There’s travel, gifts, weather to monitor, awkward family dynamics to prepare for. The list goes on.
However, one point of uncertainty often arises around food. We’re not talking about which relative wins the best green bean casserole or yam contest.
Some families aren’t afforded that luxury. Some just want to make sure they can eat on the holidays.
Whether you realize it or not, you likely know someone who has been affected by holiday hunger. Maybe it’s even been you yourself.
According to Feeding South Dakota, a subset of Feeding America and long-standing partner with Sanford Health, one in nine individuals are food insecure. One in six children are food insecure.
In South Dakota, where there are nine Native American tribal reservations, hunger and poverty hits those communities especially hard. These numbers are often exasperated during the holiday season.
The employees at Sanford Health in Chamberlain, South Dakota, know how big of an issue this is. Which is why they came together to fight hunger in their area.

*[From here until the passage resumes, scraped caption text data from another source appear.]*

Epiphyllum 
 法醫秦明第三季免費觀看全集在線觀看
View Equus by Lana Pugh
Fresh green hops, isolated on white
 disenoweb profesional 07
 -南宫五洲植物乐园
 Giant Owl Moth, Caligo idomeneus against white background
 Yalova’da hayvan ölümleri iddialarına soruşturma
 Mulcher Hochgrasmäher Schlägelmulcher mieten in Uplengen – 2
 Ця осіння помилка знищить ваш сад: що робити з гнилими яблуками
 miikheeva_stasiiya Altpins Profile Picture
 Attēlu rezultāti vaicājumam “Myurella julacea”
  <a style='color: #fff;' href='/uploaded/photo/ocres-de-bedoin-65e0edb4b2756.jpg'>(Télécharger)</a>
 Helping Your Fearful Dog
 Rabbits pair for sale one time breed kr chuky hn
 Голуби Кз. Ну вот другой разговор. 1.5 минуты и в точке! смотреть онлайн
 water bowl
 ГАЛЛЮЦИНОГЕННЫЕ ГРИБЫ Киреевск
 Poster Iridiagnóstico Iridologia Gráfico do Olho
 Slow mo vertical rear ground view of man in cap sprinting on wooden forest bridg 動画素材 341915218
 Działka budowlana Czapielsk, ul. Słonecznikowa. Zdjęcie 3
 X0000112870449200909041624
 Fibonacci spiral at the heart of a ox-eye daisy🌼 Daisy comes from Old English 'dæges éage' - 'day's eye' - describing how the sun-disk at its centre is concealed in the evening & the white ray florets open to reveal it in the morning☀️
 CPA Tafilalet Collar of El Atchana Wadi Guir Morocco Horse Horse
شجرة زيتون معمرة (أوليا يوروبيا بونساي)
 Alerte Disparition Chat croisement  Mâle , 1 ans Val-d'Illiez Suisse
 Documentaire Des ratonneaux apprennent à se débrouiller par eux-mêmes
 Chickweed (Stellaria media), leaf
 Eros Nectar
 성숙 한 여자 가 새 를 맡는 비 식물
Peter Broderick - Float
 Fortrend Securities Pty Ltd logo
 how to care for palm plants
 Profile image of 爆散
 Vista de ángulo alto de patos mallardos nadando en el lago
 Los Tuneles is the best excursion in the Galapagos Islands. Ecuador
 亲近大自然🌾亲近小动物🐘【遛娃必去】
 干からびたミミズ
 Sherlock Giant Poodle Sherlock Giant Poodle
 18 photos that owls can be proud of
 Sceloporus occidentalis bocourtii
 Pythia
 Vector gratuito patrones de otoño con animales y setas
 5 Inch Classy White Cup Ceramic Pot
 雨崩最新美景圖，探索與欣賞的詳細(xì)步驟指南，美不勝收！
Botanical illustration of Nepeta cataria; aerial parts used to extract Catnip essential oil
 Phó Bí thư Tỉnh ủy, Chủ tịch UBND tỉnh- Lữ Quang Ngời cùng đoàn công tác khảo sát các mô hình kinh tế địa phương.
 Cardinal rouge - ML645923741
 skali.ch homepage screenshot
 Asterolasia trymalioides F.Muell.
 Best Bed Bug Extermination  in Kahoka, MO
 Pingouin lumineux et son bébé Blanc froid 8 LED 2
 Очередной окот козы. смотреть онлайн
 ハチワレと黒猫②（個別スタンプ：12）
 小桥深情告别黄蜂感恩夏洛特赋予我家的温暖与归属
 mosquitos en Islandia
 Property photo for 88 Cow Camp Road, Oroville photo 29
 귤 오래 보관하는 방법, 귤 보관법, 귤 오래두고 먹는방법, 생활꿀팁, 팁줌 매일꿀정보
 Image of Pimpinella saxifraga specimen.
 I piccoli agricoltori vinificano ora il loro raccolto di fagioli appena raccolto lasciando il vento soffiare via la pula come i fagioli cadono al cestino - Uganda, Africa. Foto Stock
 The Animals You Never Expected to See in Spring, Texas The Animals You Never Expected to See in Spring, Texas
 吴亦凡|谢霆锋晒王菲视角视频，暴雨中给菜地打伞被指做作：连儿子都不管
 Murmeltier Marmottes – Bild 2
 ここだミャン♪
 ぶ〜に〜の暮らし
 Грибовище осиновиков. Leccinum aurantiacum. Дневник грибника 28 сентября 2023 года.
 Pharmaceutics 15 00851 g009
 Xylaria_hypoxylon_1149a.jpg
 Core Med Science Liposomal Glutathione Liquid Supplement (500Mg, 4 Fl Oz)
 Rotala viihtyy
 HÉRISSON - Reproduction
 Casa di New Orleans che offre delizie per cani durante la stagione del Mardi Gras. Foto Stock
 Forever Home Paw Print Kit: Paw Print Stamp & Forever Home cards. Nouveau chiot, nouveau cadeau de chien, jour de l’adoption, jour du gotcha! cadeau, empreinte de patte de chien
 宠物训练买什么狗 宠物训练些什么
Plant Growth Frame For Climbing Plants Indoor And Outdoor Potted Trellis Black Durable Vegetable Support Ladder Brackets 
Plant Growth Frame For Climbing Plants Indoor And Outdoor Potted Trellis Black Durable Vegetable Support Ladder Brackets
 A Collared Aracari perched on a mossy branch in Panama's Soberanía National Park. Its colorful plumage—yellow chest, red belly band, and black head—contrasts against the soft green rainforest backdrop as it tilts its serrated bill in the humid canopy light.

Jessica Neilan is the community liaison at Sanford Health in Chamberlain. She said one of the things that makes Chamberlain such a special area is how much neighbors help neighbors.
The yearly Thanksgiving meal is no better example of this. Every Thanksgiving, Sanford Health and the City of Chamberlain help to put on a free Thanksgiving meal.
Because of the ongoing pandemic, this event has been cancelled the past two years.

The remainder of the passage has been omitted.